[Corpora-List] News from LDC

Tue Jul 22 20:29:20 UTC 2014

*- Fall 2014 Data Scholarship Program <#scholar>  -*

/New publications:/

*- 2009 NIST Language Recognition Evaluation Test Set <#lre>  -*

*- GALE Arabic-English Word Alignment Training Part 3 -- Web <#gale>  -*

*- GALE Phase 2 Chinese Newswire Parallel Text Part 1 <#g2>  -*

------------------------------------------------------------------------

*Fall 2014 Data Scholarship Program*

Applications are now being accepted through Monday, September 15, 2014, 
11:59PM EST for the Fall 2014 LDC Data Scholarship program! The LDC Data 
Scholarship program provides university students with access to LDC data 
at no-cost.

This program is open to students pursuing both undergraduate and 
graduate studies in an accredited college or university. LDC Data 
Scholarships are not restricted to any particular field of study; 
however, students must demonstrate a well-developed research agenda and 
a bona fide inability to pay. The selection process is highly competitive.

The application consists of two parts:

(1) Data Use Proposal. Applicants must submit a proposal describing 
their intended use of the data. The proposal should state which data the 
student plans to use and how the data will benefit their research 
project as well as information on the proposed methodology or algorithm.

Applicants should consult the LDC Catalog 
<https://catalog.ldc.upenn.edu/> for a complete list of data distributed 
by LDC. Due to certain restrictions, a handful of LDC corpora are 
restricted to members of the Consortium. Applicants are advised to 
select a maximum of one to two databases.

(2) Letter of Support. Applicants must submit one letter of support from 
their thesis adviser or department chair. The letter must confirm that 
the department or university lacks the funding to pay the full 
non-member fee for the data and verify the student's need for data.

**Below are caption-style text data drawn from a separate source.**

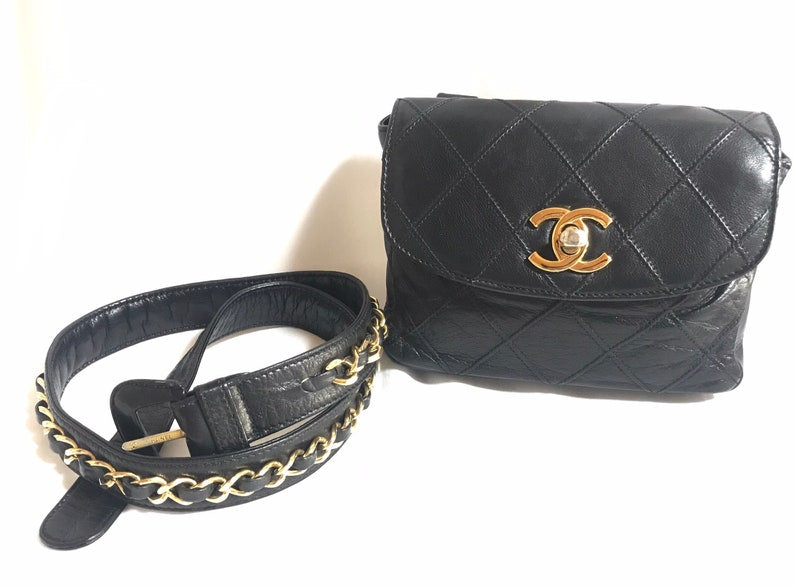 CHANEL Vintage black leather waist purse, fanny pack with golden chain belt and CC closure hock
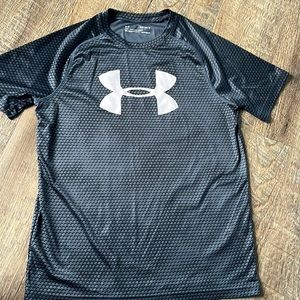 Under Armour tshirt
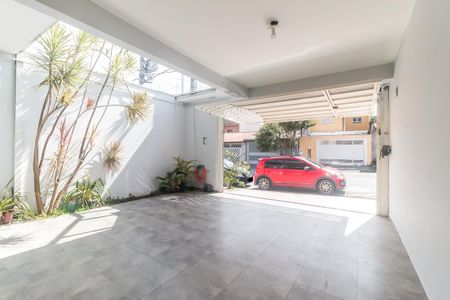 Casa para alugar com 180m², 3 quartos e 2 vagas Casa para alugar com 180m², 3 quartos e 2 vagasGaragem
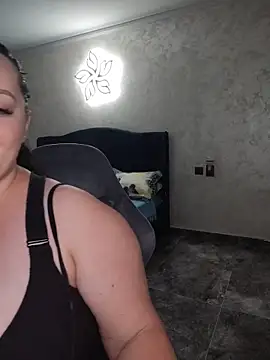 AMYRA_HOT webcam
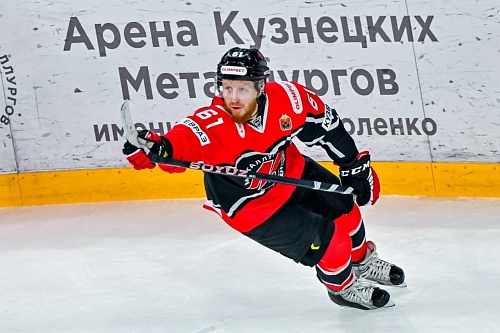 Хоккеист Александр Горшков будет играть за АКМ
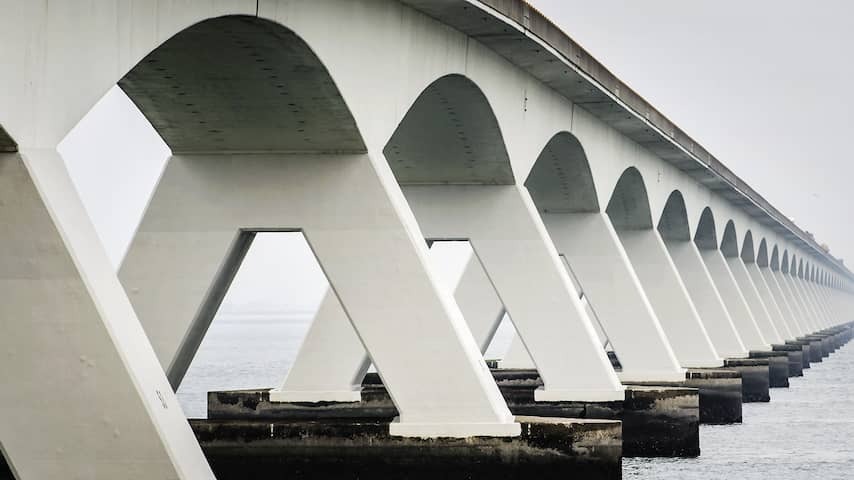 Province reports against man who was stuck for twelve hours in Zeelandbrug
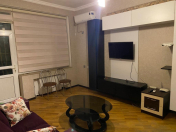Satılır 2 otaqlı 50 m2 köhnə tikili ABŞ səfirliyi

For further information on application materials and program rules, 
please visit the LDC Data Scholarship 
<https://www.ldc.upenn.edu/language-resources/data/data-scholarships> page.

*New publications
*

(1)2009 NIST Language Recognition Evaluation Test Set 
<https://catalog.ldc.upenn.edu/LDC2014S06> contains approximately 215 
hours of conversational telephone speech and radio broadcast 
conversation collected by LDC in the following 23 languages and 
dialects: Amharic, Bosnian, Cantonese, Creole (Haitian), Croatian, Dari, 
English (American), English (Indian), Farsi, French, Georgian, Hausa, 
Hindi, Korean, Mandarin, Pashto, Portuguese, Russian, Spanish, Turkish, 
Ukrainian, Urdu and Vietnamese.

The goal of the NIST (National Institute of Standards and Technology) 
<http://www.itl.nist.gov/iad/> Language Recognition Evaluation (LRE) 
<http://www.itl.nist.gov/iad/mig/tests/lre/> is to establish the 
baseline of current performance capability for language recognition of 
conversational telephone speech and to lay the groundwork for further 
research efforts in the field. NIST conducted language recognition 
evaluations in 1996 <http://www.itl.nist.gov/iad/mig/tests/lre/1996/>, 
2003 <http://www.itl.nist.gov/iad/mig/tests/lre/2003/>, 2005 
<http://www.itl.nist.gov/iad/mig/tests/lre/2005/> and 2007 
<http://www.itl.nist.gov/iad/mig/tests/lre/2007/>. The 2009 
<http://www.itl.nist.gov/iad/mig/tests/lre/2009/> evaluation increased 
the number of target languages. Most of the test data originated from 
multilingual Voice of America (VOA) radio broadcasts assessed as being 
of telephone bandwidth in addition to conversational telephone speech. 
Further information regarding this evaluation can be found in the 
evaluation plan which is included in the documentation for this release.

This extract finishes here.